Sempre cabisbaixo, caminhei
até a cômoda e abri a primeira gaveta. Estava vazia.
Meus pensamentos divagavam
longe. Que sonhos ainda me restavam?
A segunda gaveta também
estava vazia.
"Isso não foi
o que eu planejei!" A amarga frase ocupava minha mente como
um gigantesco outdoor, quando eu abri a terceira e última
gaveta.
E lá havia... uma
saboneteira! (Isso não foi o que eu planejei!)

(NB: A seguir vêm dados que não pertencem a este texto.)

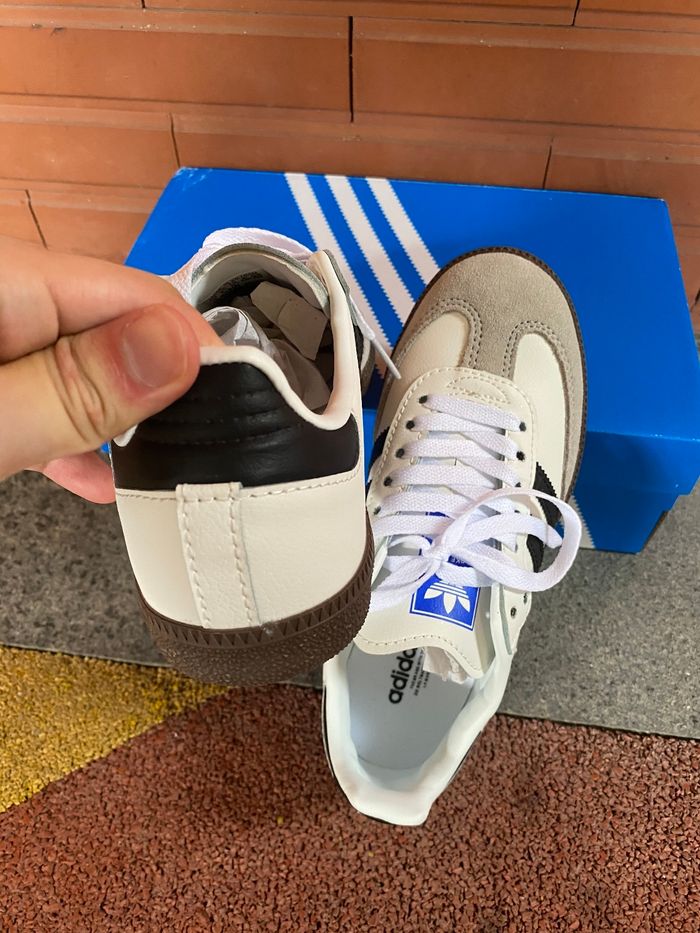 Baskets Adidas Samba taille 37 - photo numéro 4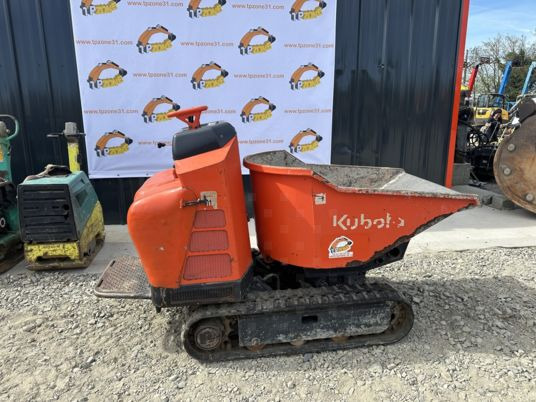Kubota KC110 - Міні-самоскид: фото 5 Kubota KC110 - Міні-самоскид: фото 5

Uma saboneteira amarela, vazia... como se tivesse sempre estado
lá, esperando por mim, esperando por aquele momento.
Tive a fortíssima
sensação de que a vida queria me dizer algo:
– Por que você
quer controlar tudo? ... eu posso lhe oferecer algo melhor do
que aquilo que você próprio planejou... Você
sabe tão pouco...
Depois disso, muita coisa
aconteceu. Voltei para Cascavel. Fiquei gravemente doente e me
curei. Passei dias difíceis. Mas aqui, de algum modo, eu
acabei compreendendo que meu caminho seria fazer edições
independentes de meus trabalhos. Hoje tenho esta coluna, dois
livros publicados, e a cada dia alcanço novos leitores.
Aqui conheci minha mulher, Elizangela, e ganhei minha filha, Talita,
os dois maiores presentes que a vida já me deu... Aqui...
onde eu não planejei.
Coincidência?
Sinceramente, eu não
sei.
Mas, afinal, de que adiantaria
saber? ("Nós sabemos tão pouco...") Se
existe uma tal ordem, a única coisa certa é que
nenhum de nós pode compreendê-la ou controlá-la.
Coisas ruins e boas acontecem... por acaso. Mas acaso talvez seja
apenas o nome dos motivos que estão muito além do
que alcançamos compreender, e do que jamais alcançaremos.